Please repeat, exactly as written, the line containing "DSC03776.JPG" and every line after it through the end of the records below, leaving out any pictures.

Data entries
>>>>

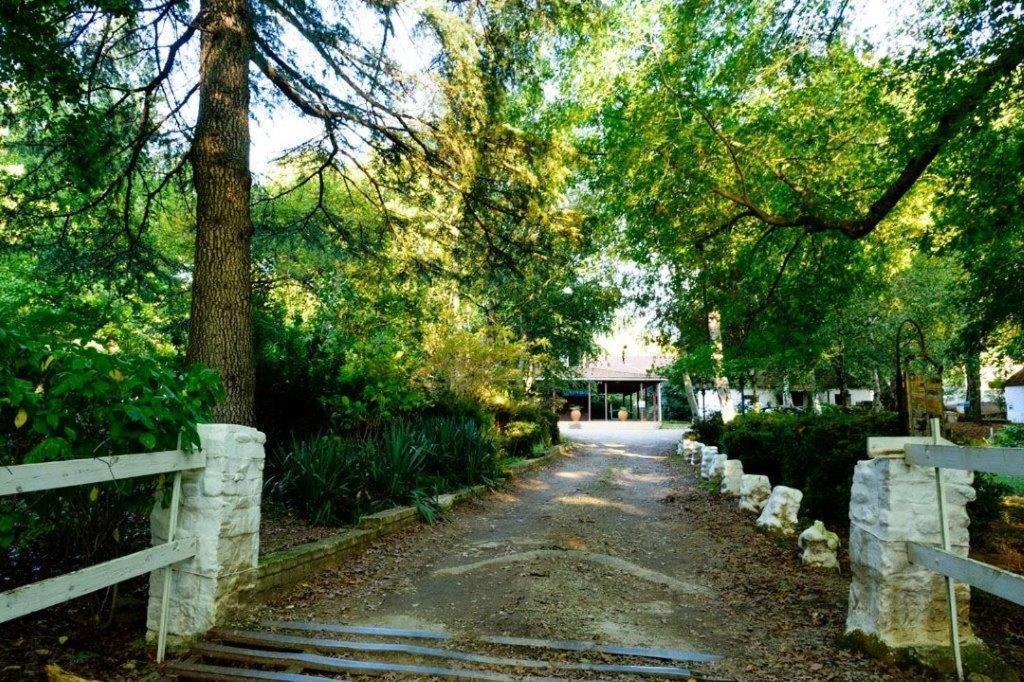 Kings Lodge Hotel Hogsback Eksteriør bilde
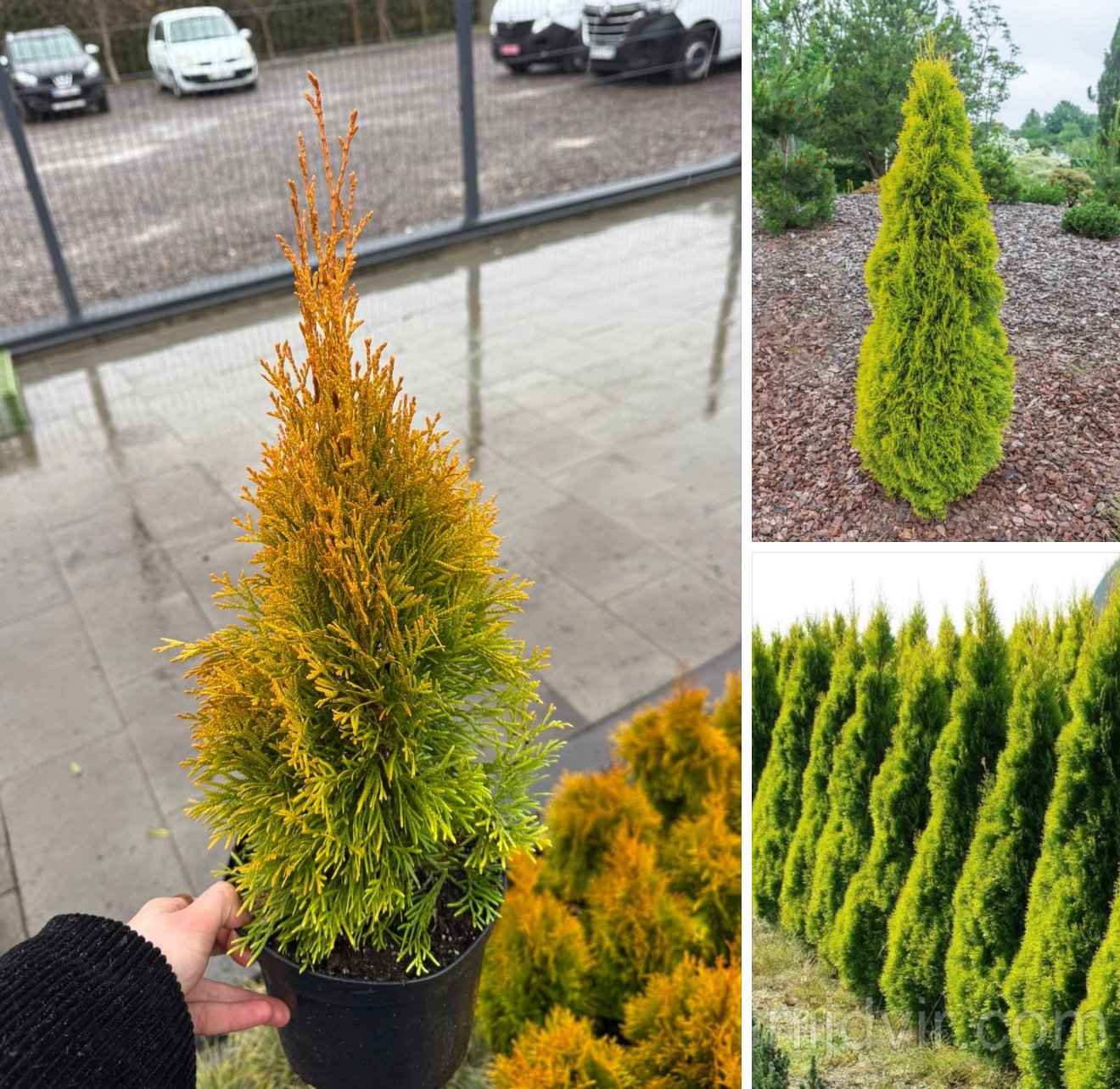 Туя голден смарагд 2 л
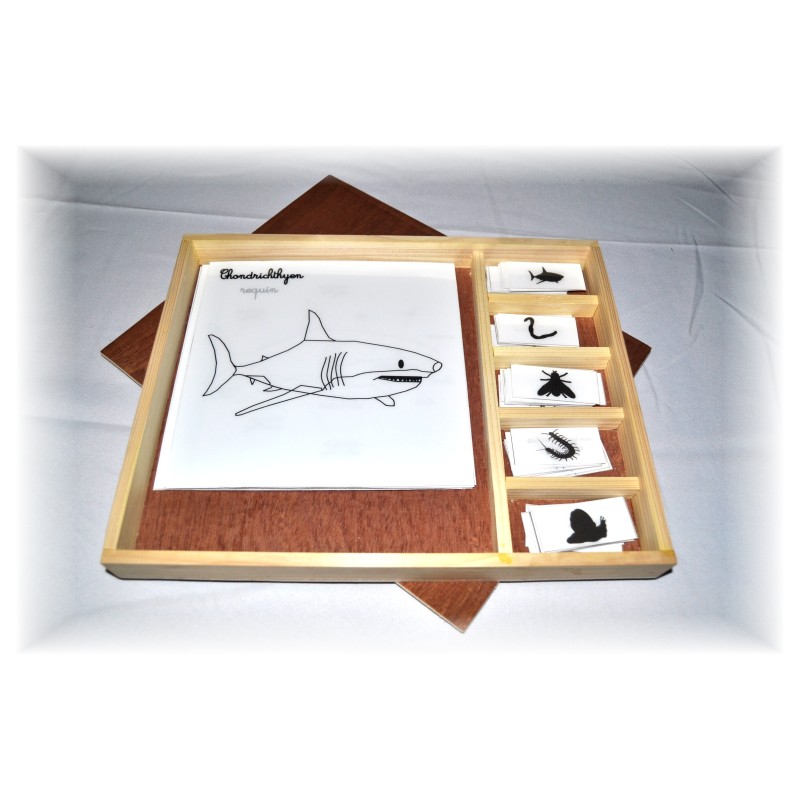 Coffret zoologie 5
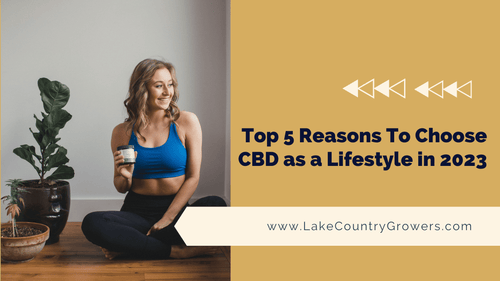 Top 5 Reasons To Choose CBD as a Lifestyle in 2023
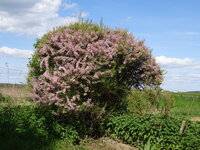 DSC03776.JPG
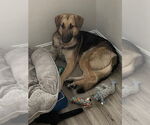 Small #2 German Shepherd Dog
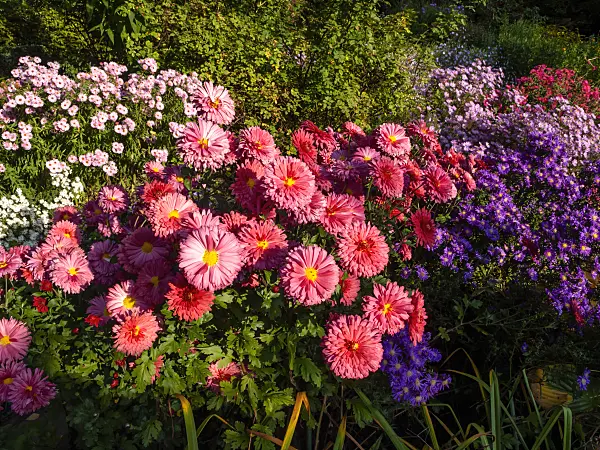 430119 - Chrysanthemum (Chrysanthemum indicum 'Cinderella')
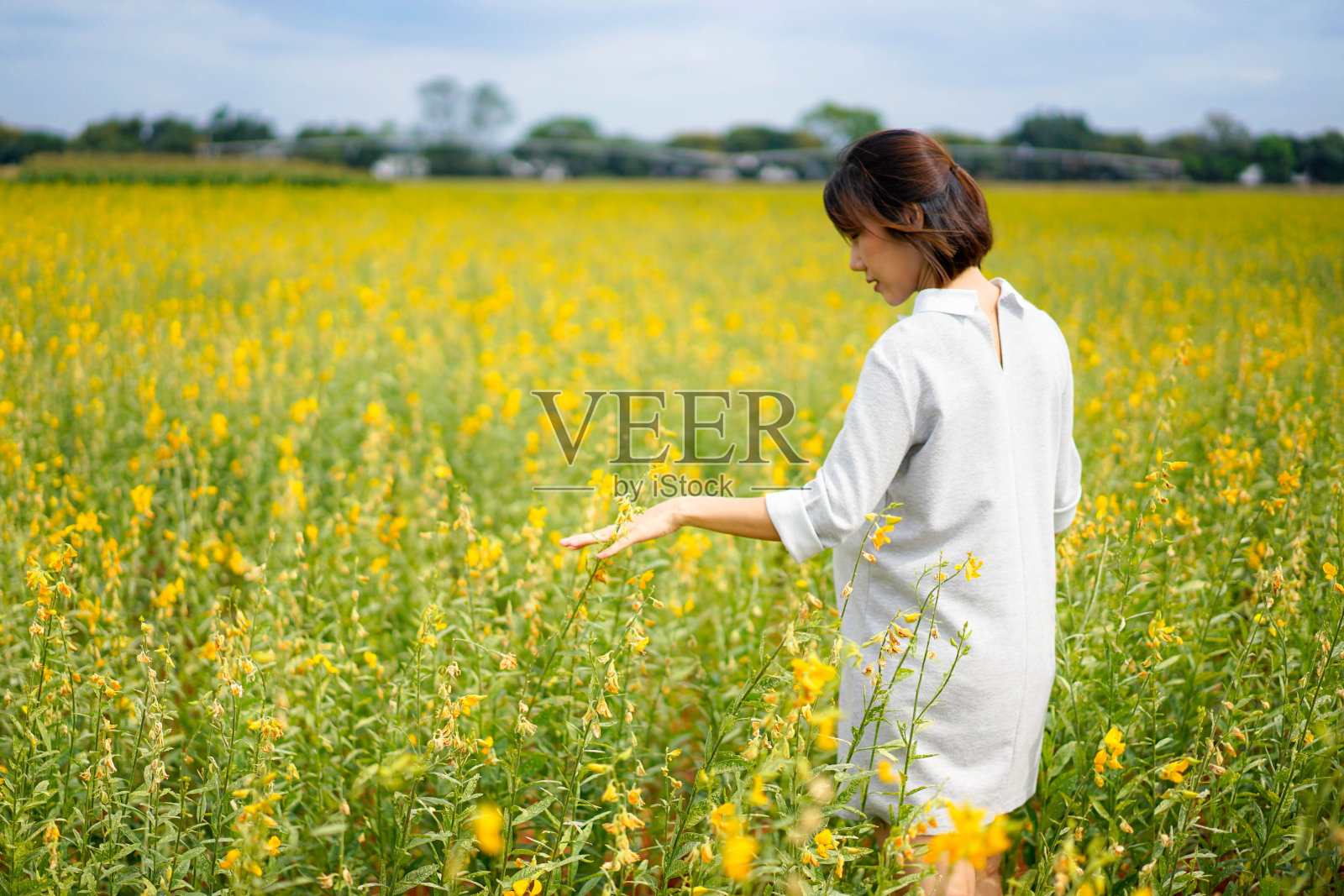 温暖的阳光下，一名孕妇伸出手去触摸黄花田中的花朵照片摄影图片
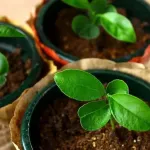 jardin-5-astuces-pour-transformez-vos-dechets-de-fruits-en-magnifiques-plantes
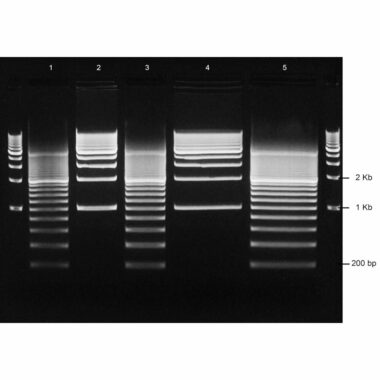 4% Agarose, 1X TAE, 5+2, Medium, 11.7(w) x 8.9(l) cm, EtBr, 5 gels/Box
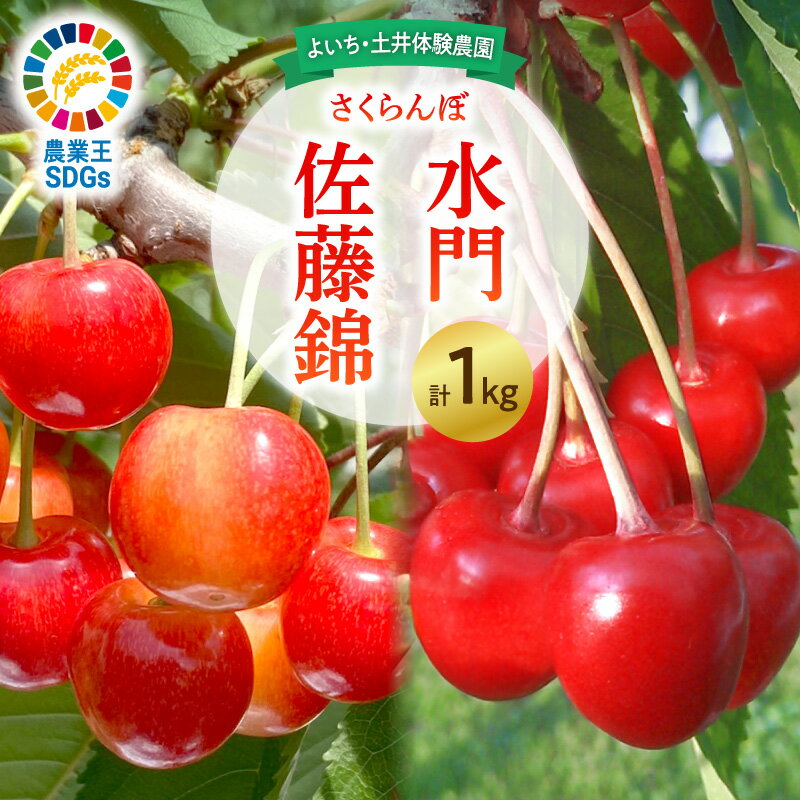 【ふるさと納税】【先行予約：2025年6月下旬以降発送】さくらんぼ【佐藤錦・水門セット】1kg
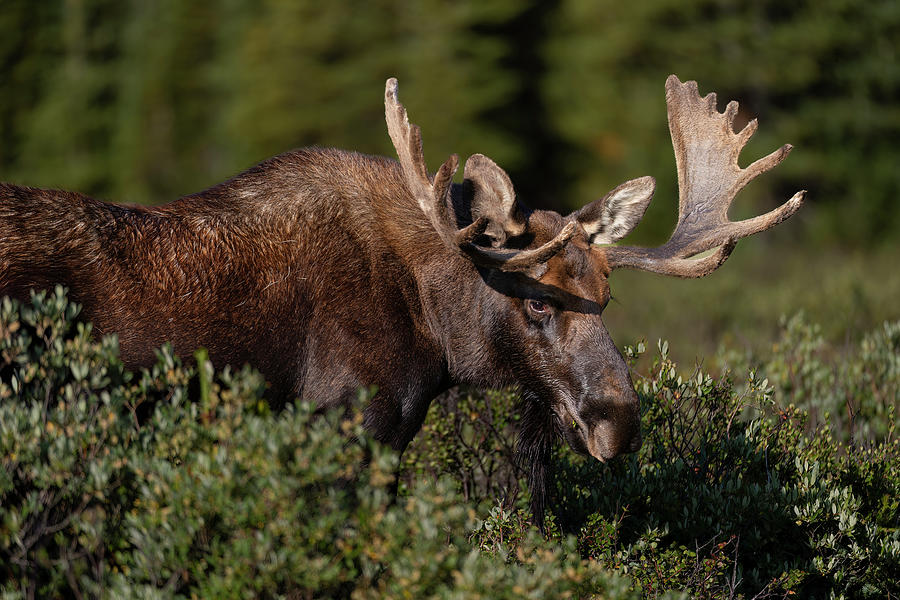 Lake Brainard Bull Moose Photograph by Gary Langley - Fine Art America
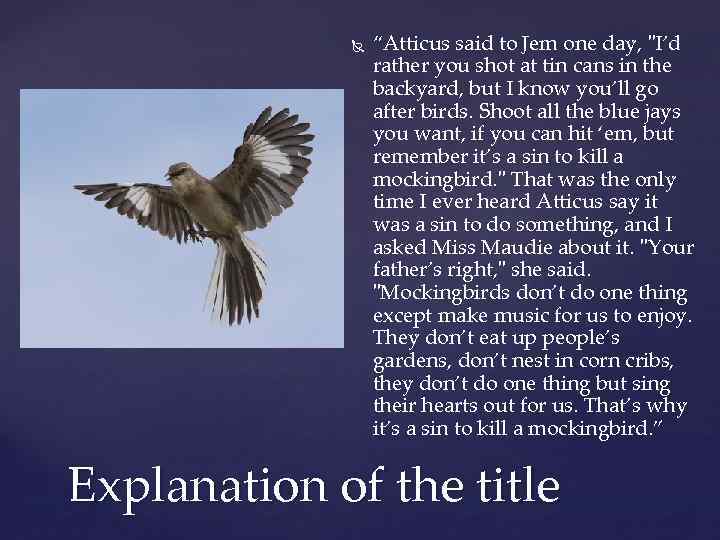  “Atticus said to Jem one day, "I’d rather you shot at tin cans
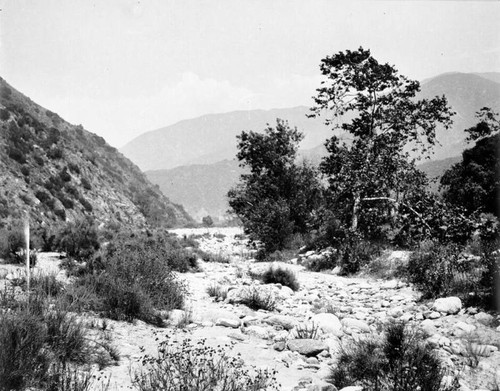 Site for future San Gabriel Dam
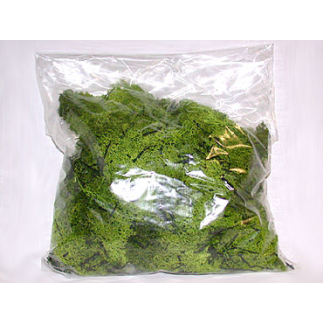 Light green lichen bag 200 g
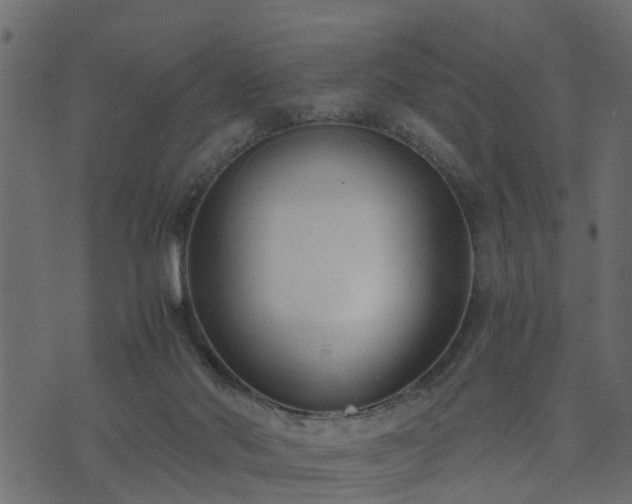 X0000073900022200608181010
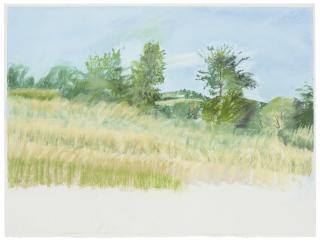 Sylvia Plimack Mangold - Untitled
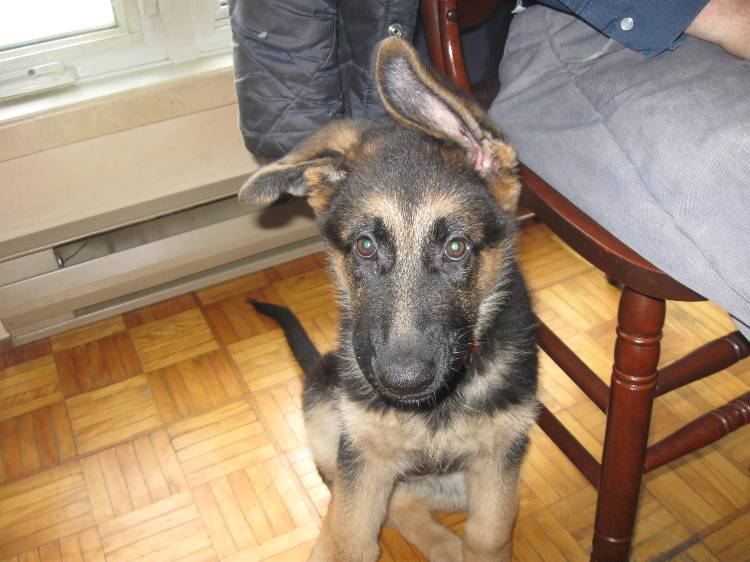 Maya - Chiot Femelle berger allemand sept 2011!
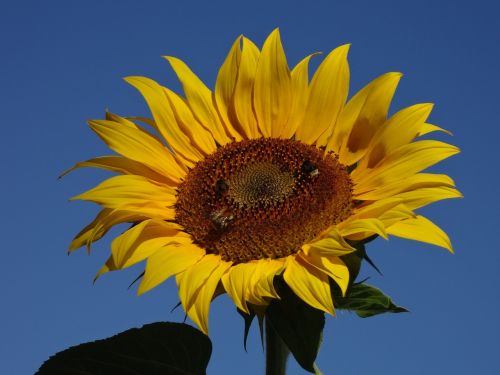 sun flower sky summer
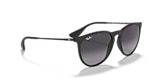 RB4171 ERIKA CLASSIC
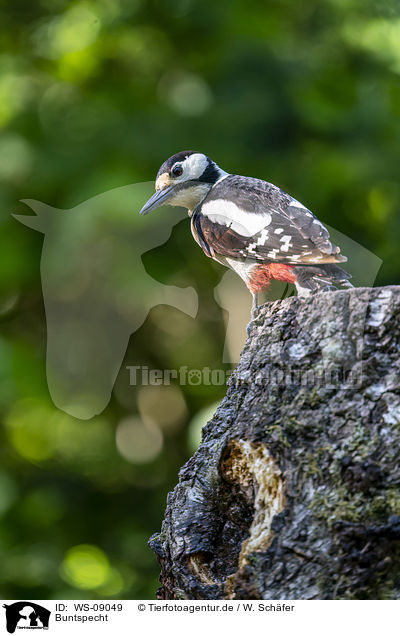 Buntspecht / Great spotted Woodpecker / WS-09049
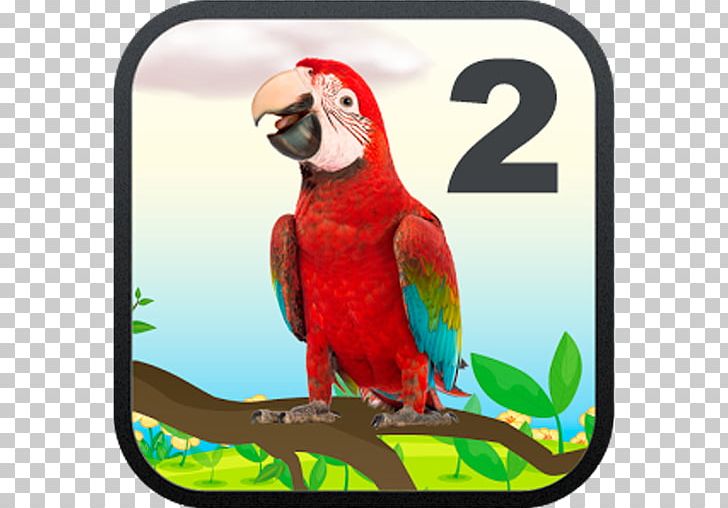Macaw Beak Fauna Loriini PNG, Clipart, Amazon Parrot, Beak, Bird, Fauna, Lorikeet Free PNG Download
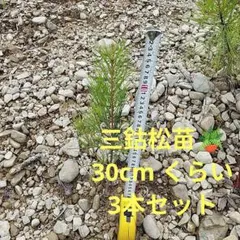 希少！!赤松 苗木（三鈷松） 縁起物お得! 2本セット - メルカリ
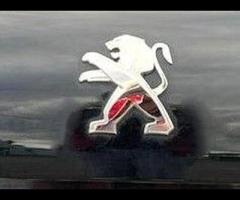 Peugeot 208  2019 PEUGEOT 208 ACTIVE - ULEZ FREE & SUPER ECO! 

 ULEZ COMPLIANT! |  APPLE CARPLA - 49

<<<<

§ **Exercise response**:
 DSC03776.JPG
 Small #2 German Shepherd Dog
 430119 - Chrysanthemum (Chrysanthemum indicum 'Cinderella')
 温暖的阳光下，一名孕妇伸出手去触摸黄花田中的花朵照片摄影图片
 jardin-5-astuces-pour-transformez-vos-dechets-de-fruits-en-magnifiques-plantes
 4% Agarose, 1X TAE, 5+2, Medium, 11.7(w) x 8.9(l) cm, EtBr, 5 gels/Box
 【ふるさと納税】【先行予約：2025年6月下旬以降発送】さくらんぼ【佐藤錦・水門セット】1kg
 Lake Brainard Bull Moose Photograph by Gary Langley - Fine Art America
  “Atticus said to Jem one day, "I’d rather you shot at tin cans
 Site for future San Gabriel Dam
 Light green lichen bag 200 g
 X0000073900022200608181010
 Sylvia Plimack Mangold - Untitled
 Maya - Chiot Femelle berger allemand sept 2011!
 sun flower sky summer
 RB4171 ERIKA CLASSIC
 Buntspecht / Great spotted Woodpecker / WS-09049
Macaw Beak Fauna Loriini PNG, Clipart, Amazon Parrot, Beak, Bird, Fauna, Lorikeet Free PNG Download
 希少！!赤松 苗木（三鈷松） 縁起物お得! 2本セット - メルカリ
 Peugeot 208  2019 PEUGEOT 208 ACTIVE - ULEZ FREE & SUPER ECO! 

 ULEZ COMPLIANT! |  APPLE CARPLA - 49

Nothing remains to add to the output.